Proof for the meaning of Lagrange multipliers | Multivariable Calculus | Khan Academy
All right, so last video I showed you guys this really crazy fact. We have our usual setup here for this constrained optimization situation. We have a function we want to maximize, which I'm thinking of as revenues for some company; a constraint, which I'm thinking of as some kind of budget for that company.
As you know, if you've gotten to this video, one way to solve this constrained optimization problem is to define this function here, the Lagrangian, which involves taking this function that you're trying to maximize—in this case, the revenue—and subtracting a new variable, lambda, what's called the Lagrange multiplier, times this quantity, which is the budget function. You know, however much you spend as a function of your input parameters minus the budget itself, which you might think of as, you know, ten thousand dollars in our example.
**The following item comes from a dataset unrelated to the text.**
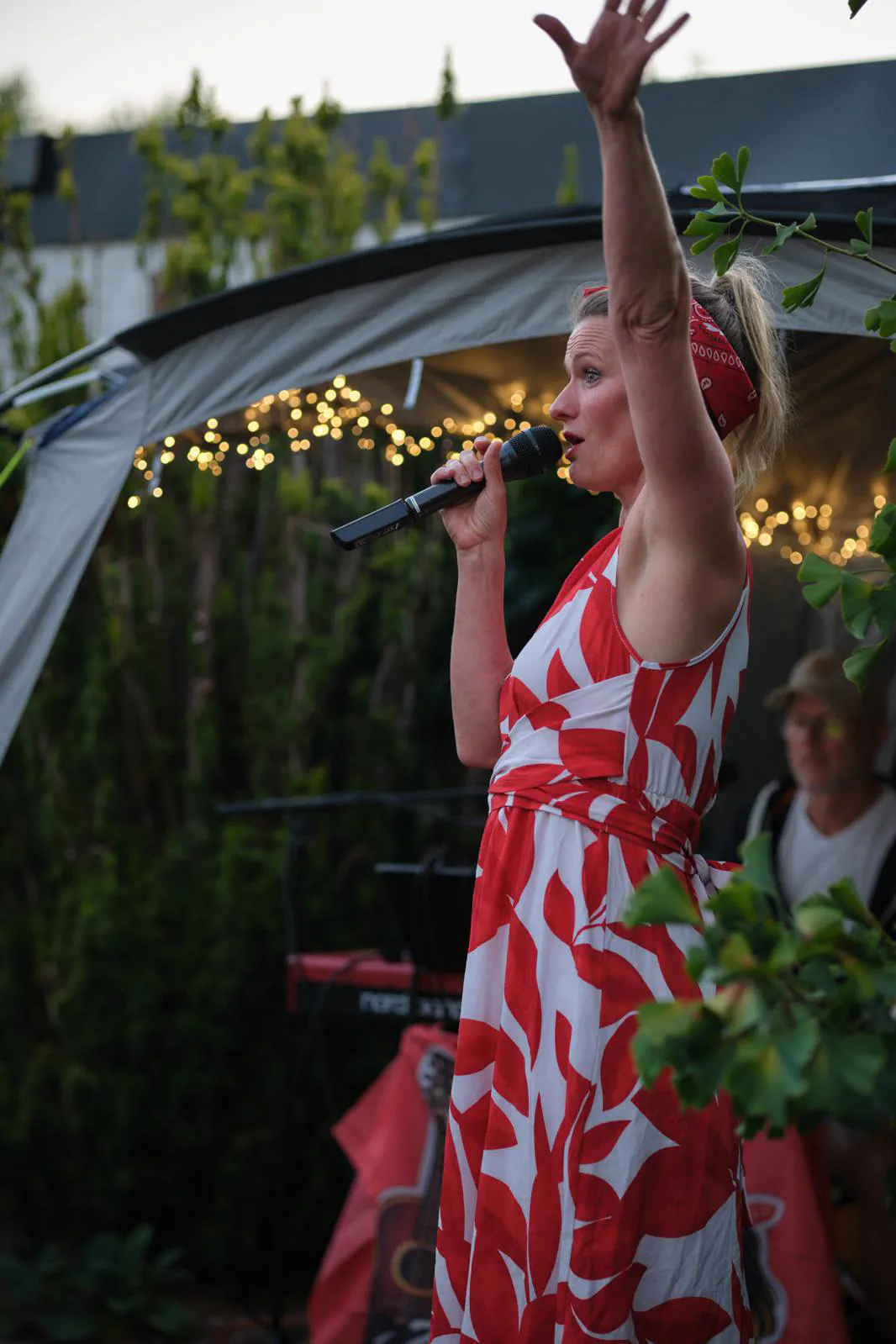 Dana singt mit erhobenem Arm unter einer Lichterkette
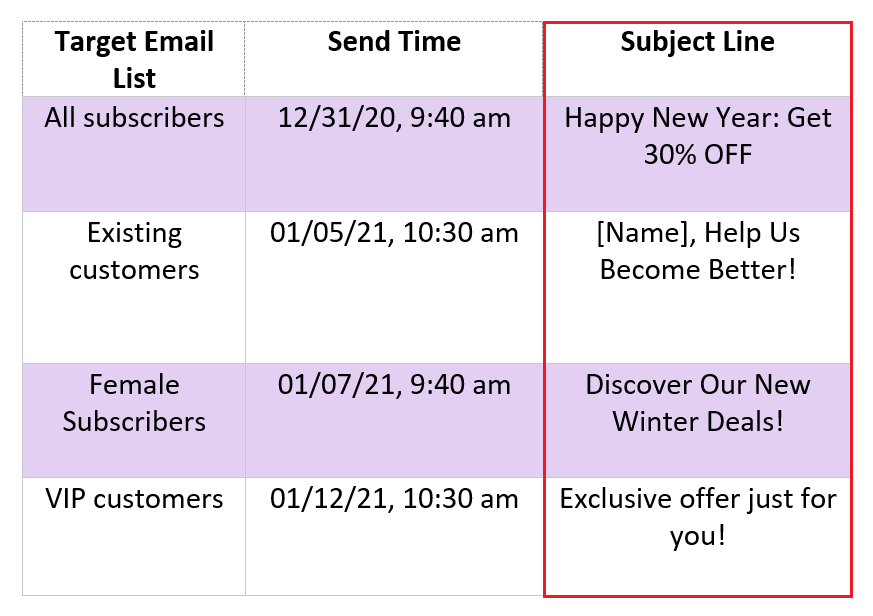 subject lines email marketing calendar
So that's all the usual setup, and the crazy fact which I just declared is that when you set this gradient equal to zero and you find some solution—and there will be three variables in this solution: h star, s star, and lambda star—that this lambda star is not meaningless. It's not just a proportionality constant between these gradient vectors, but it will actually tell you how much the maximum possible revenue changes as a function of your budget.
The way to start writing all of that in formulas would be to make explicit the fact that if you consider this value, you know, the ten thousand dollars that is your budget, which I'm calling b a variable and not a constant, then you have to acknowledge that h star and s star are dependent on b, right? It's a very implicit relationship, something that's kind of hard to think about at first because as you change b, it changes what the Lagrangian is, which is going to change where its gradient equals zero, which changes what h star, s star, and lambda star are.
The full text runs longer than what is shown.